TRY IT:
Only an exact copy is wanted: the lines from the one holding "Amiri Jeans High Street Distressed#1343" through the last line below, minus the pictures.
Content starts
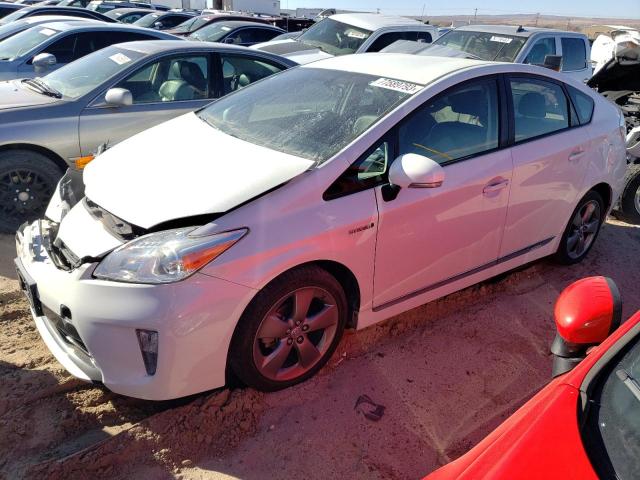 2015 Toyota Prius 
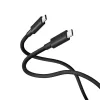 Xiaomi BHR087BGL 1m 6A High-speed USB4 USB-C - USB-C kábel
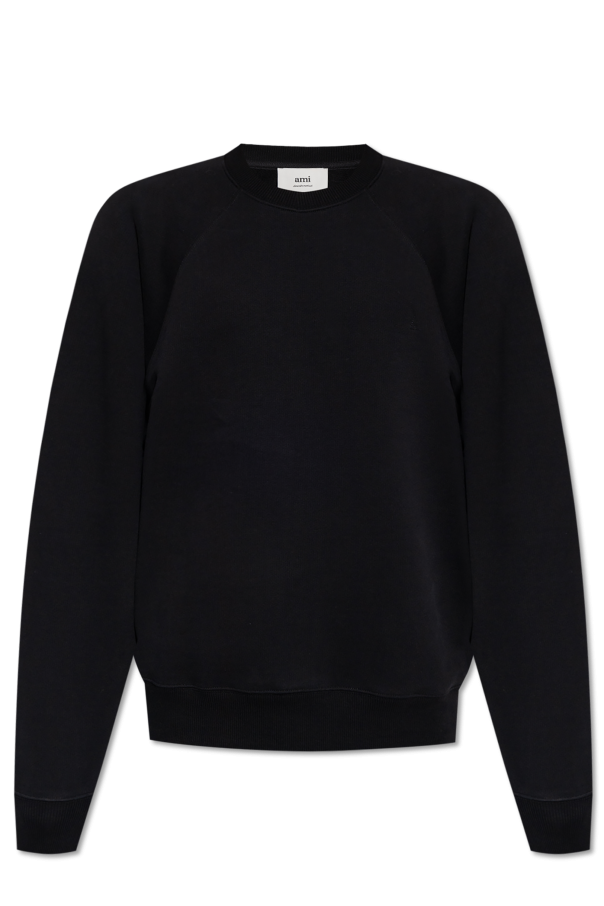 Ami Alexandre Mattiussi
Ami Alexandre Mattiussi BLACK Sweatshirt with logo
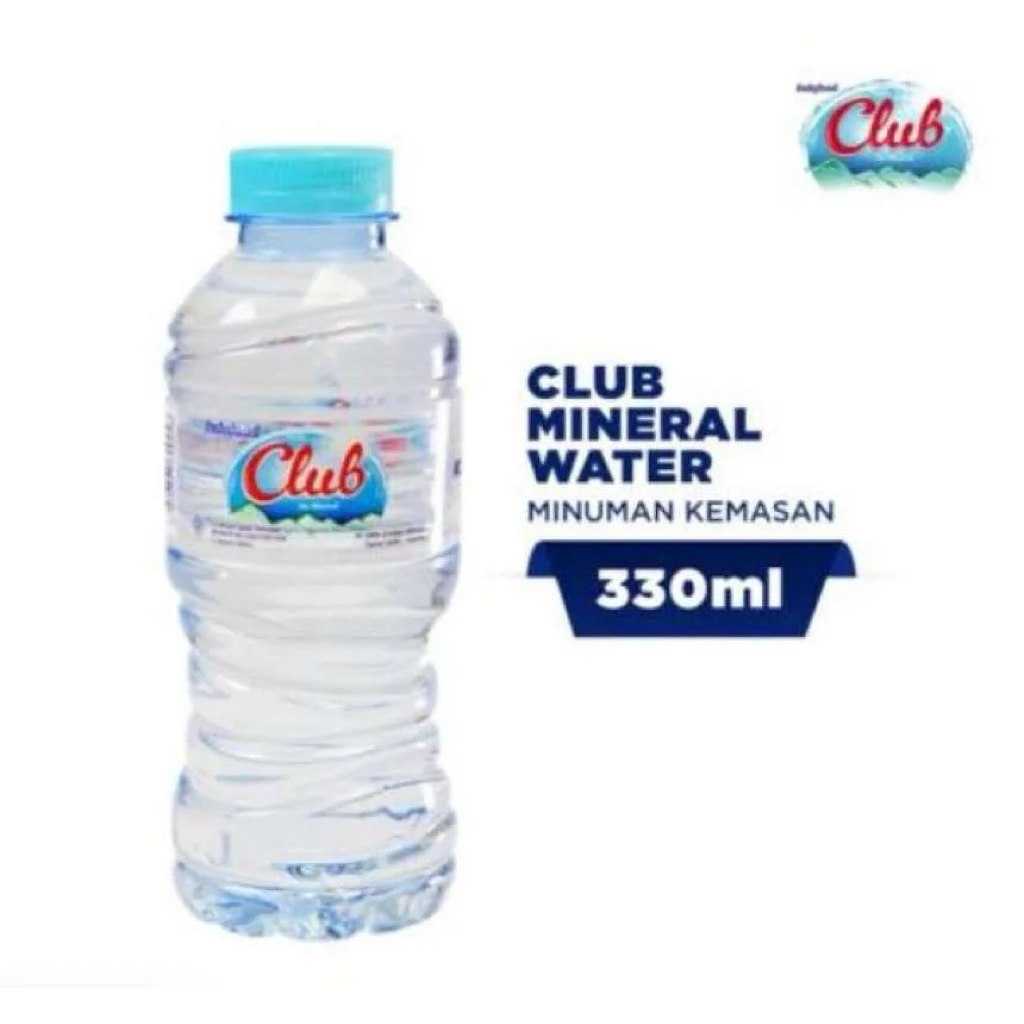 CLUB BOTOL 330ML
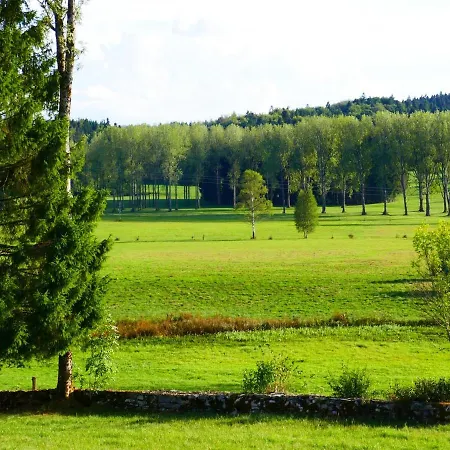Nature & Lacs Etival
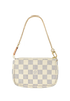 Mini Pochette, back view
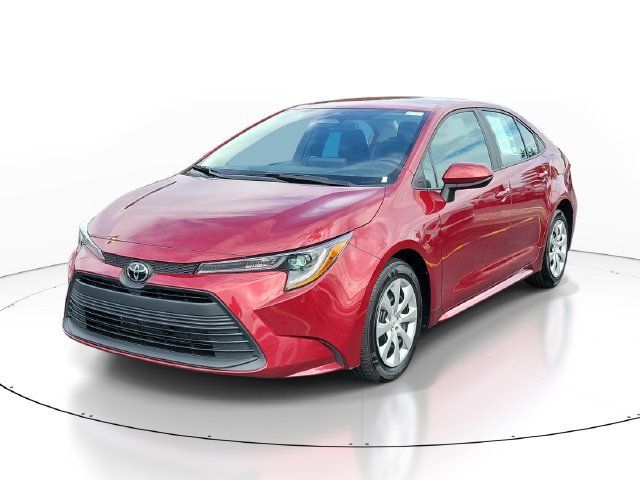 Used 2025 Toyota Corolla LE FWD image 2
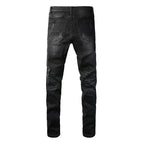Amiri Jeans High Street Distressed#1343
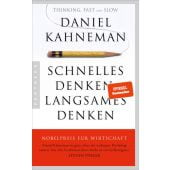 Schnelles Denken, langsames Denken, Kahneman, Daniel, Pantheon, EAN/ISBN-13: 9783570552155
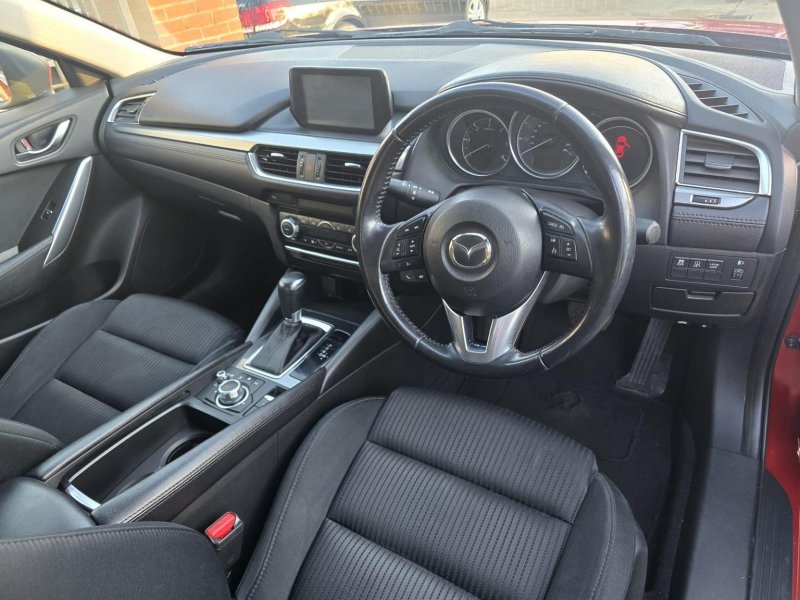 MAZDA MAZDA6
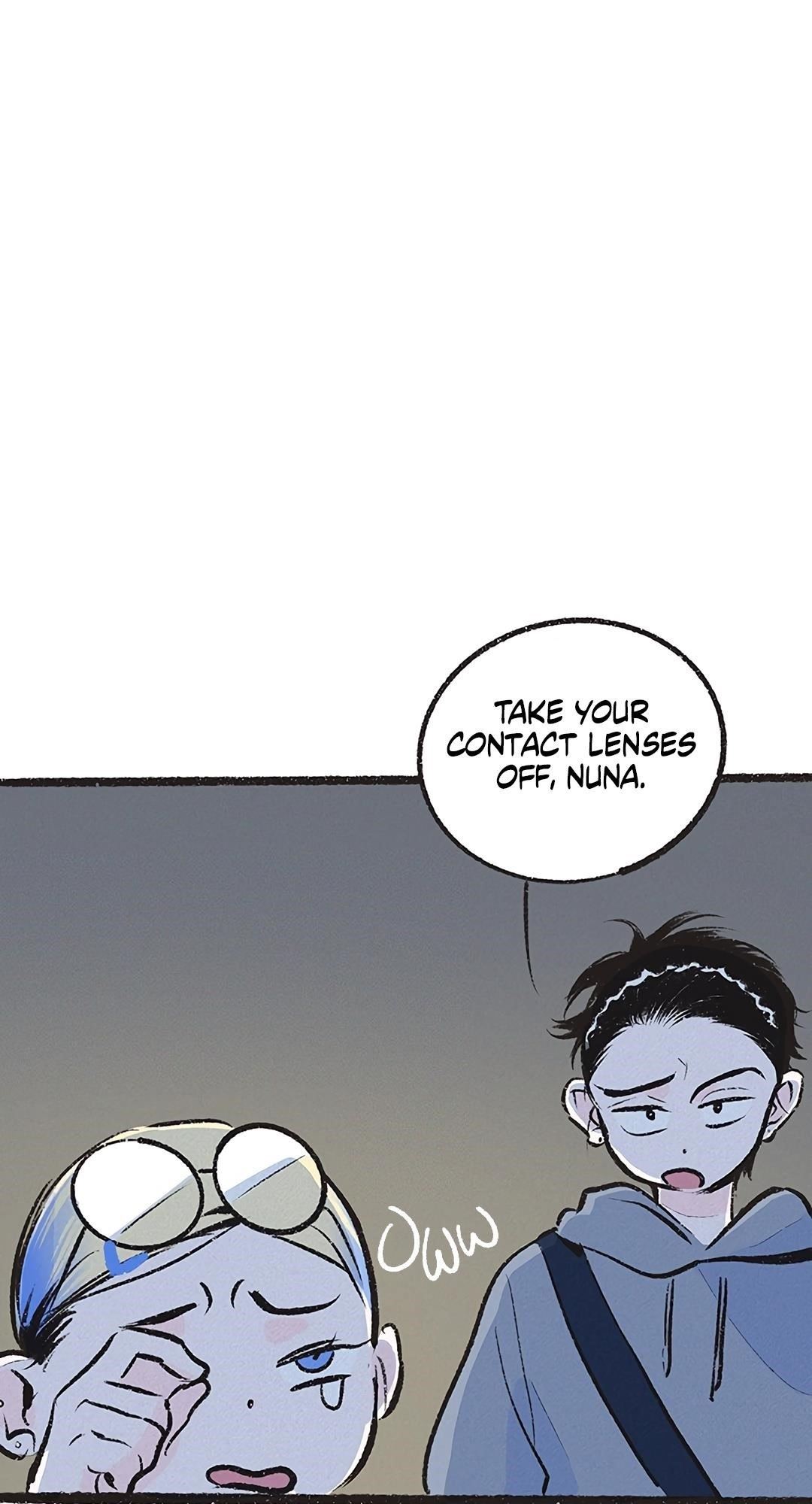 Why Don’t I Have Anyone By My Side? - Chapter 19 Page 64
Content ends
ANSWER SECTION:
Amiri Jeans High Street Distressed#1343
 Schnelles Denken, langsames Denken, Kahneman, Daniel, Pantheon, EAN/ISBN-13: 9783570552155
 MAZDA MAZDA6
 Why Don’t I Have Anyone By My Side? - Chapter 19 Page 64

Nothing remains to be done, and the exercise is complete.